Hit by decline in their business due to the direct procurement, the pulses traders and millers in Kalburgi and Bidar, the main growing region in Karnataka, have urged the government to implement the price deficiency payment scheme (PDPS) or Bhavantar yojana for purchase of tur (red gram) from farmers.

Such a move, traders claimed would benefit the Government in terms of lower costs and reduced payout, while helping the trade and millers in terms of generating some business. Millers said the Government could avoid the additional handling, storing and managing costs by involving them in the procurement through PDPS. The state had recently implemented a PDPS in procuring onions.

The Kalburgi region is the largest producer of pulses -- mainly toor and the procurement is set to begin soon. Traders said direct purchase by state agencies has weaned away their business and that the introduction of PDPS would help them stay in the trade. On Monday, hundreds of traders and millers in Kalaburgi and Bidar district staged a protest demanding the introduction of PDPS in toor procurement this season.

Under Bhavaantar or PDPS, the government has to pay only the difference between the market price and the minimum support price to the farmers.

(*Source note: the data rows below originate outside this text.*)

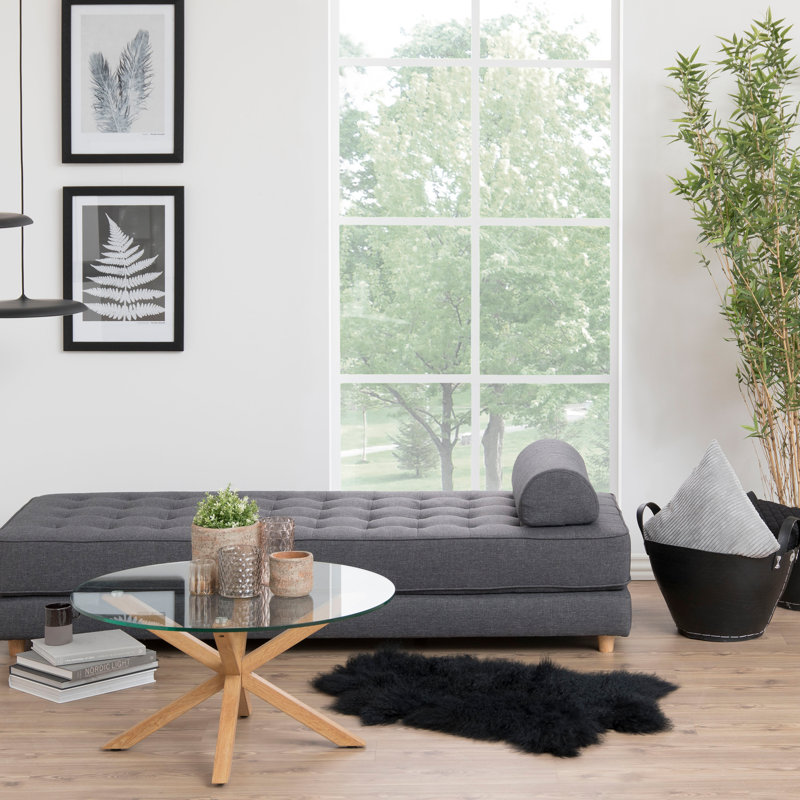 Wido Cross Legs Coffee Table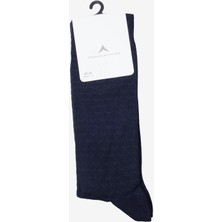 Altınyıldız Classics Yumuşak Dokulu Desenli Tekli Çorap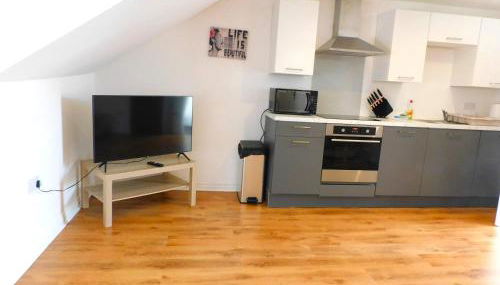 No 7 - Modern 1 Bedroom Apartment in Lanark Town Centre - Foto 4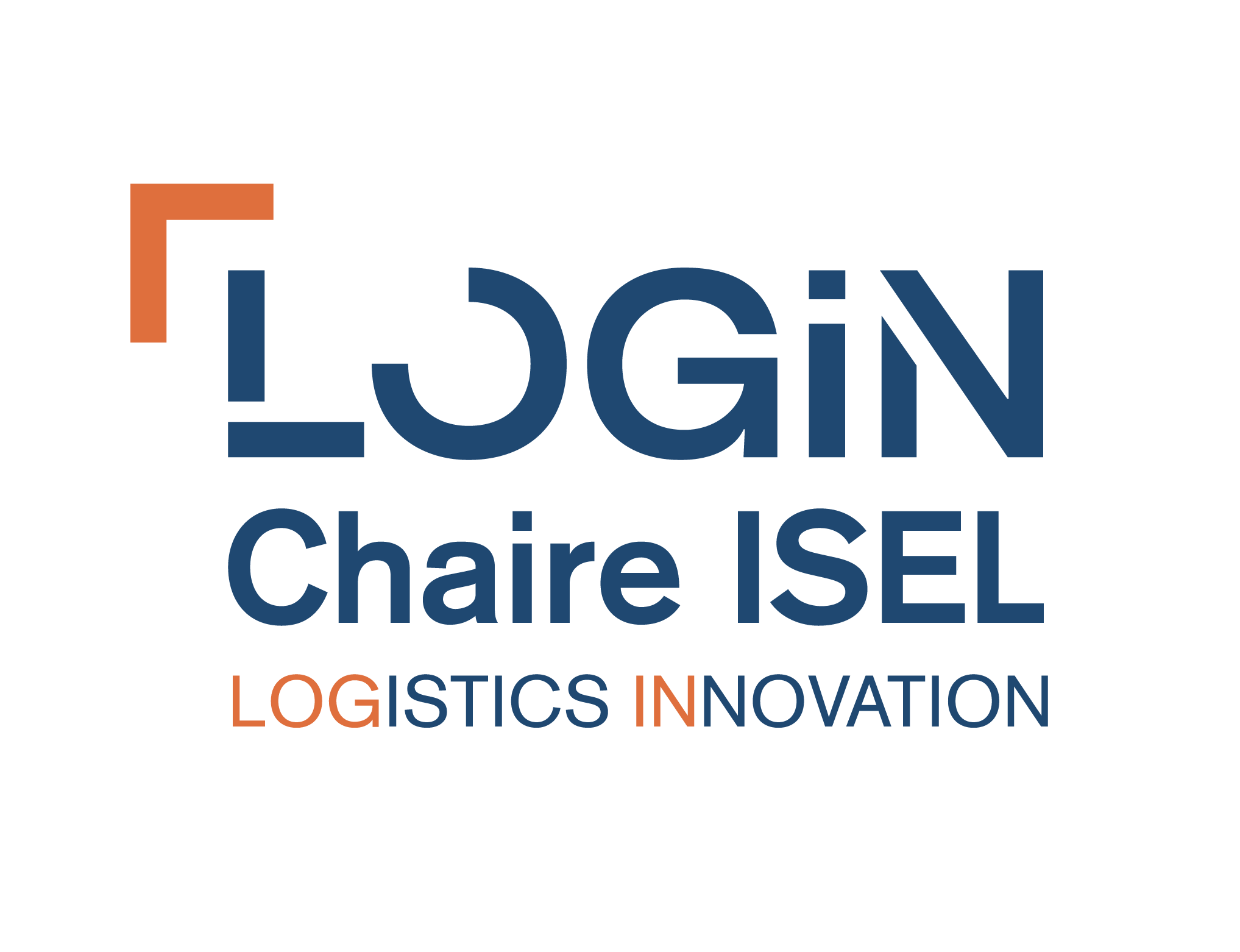 Logo Chaire ISEL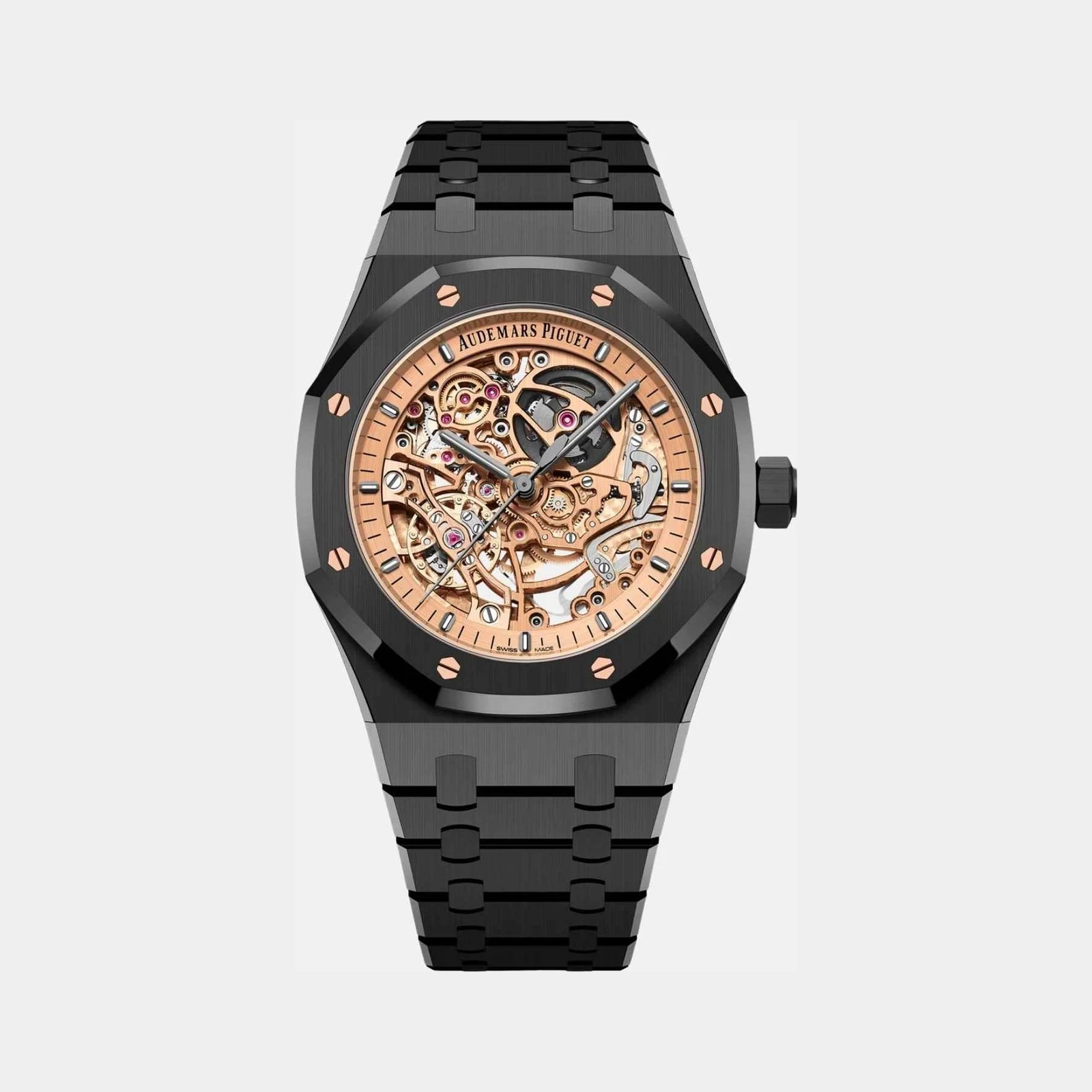 Audemars Piguet Royal Oak Double Balance Wheel Openworked Limited Edition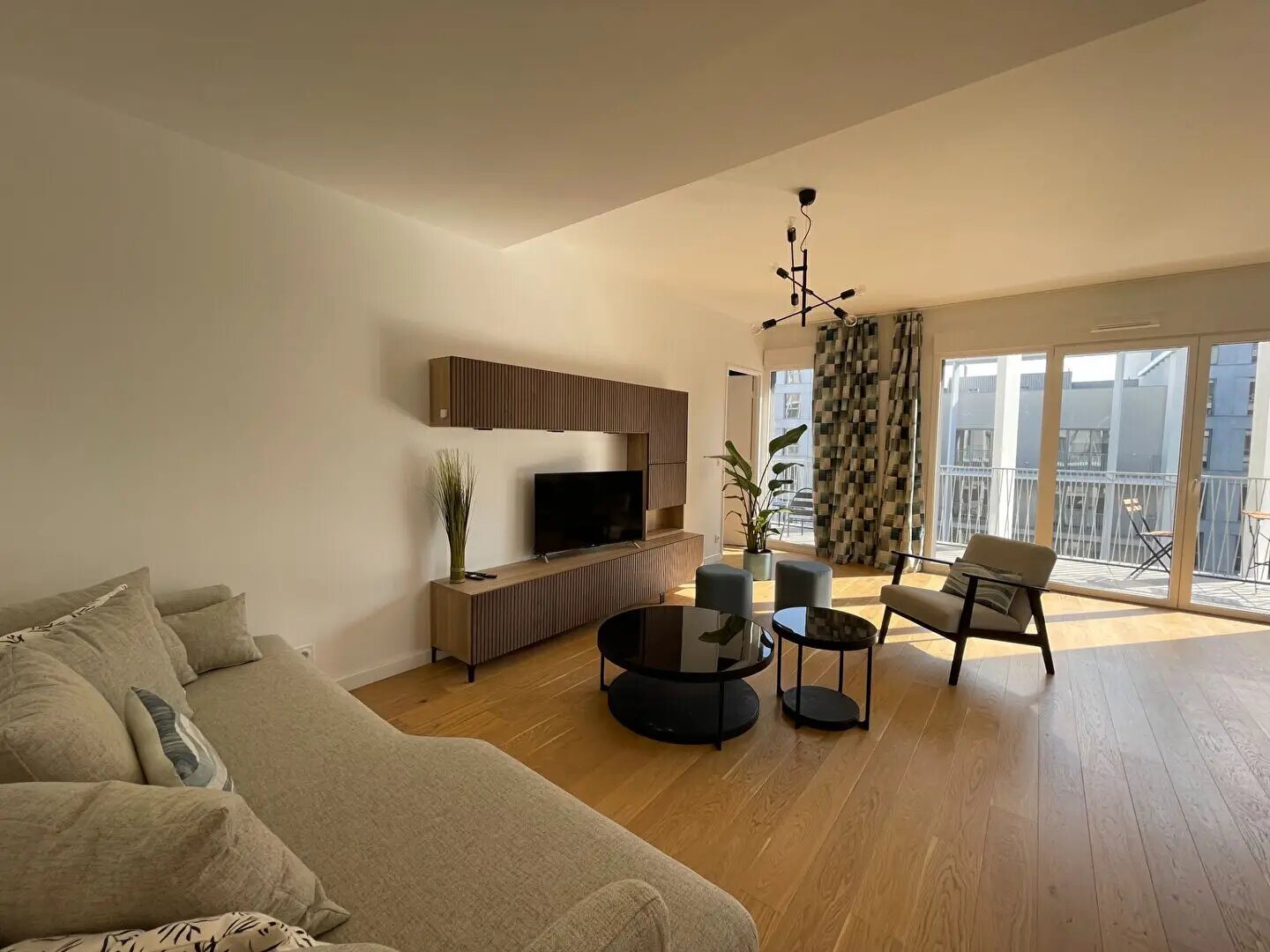 Appartement à louer, 106m², Clichy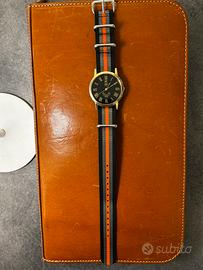 Orologio Newman 1903 Vintage - cinturino nato 36mm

Despite a poor crop this year on account of erratic weather, the modal prices of tur are currently ruling at around ₹4,500 levels, below the MSP of ₹5,675 per quintal announced by the Centre. Karnataka is paying a bonus of ₹425 per quintal making the total payout at ₹6100. It has set a quantity restriction of 10 quintals per farmer. There are over 400 processing mills and more number of traders dependent on the pulses trade in the region.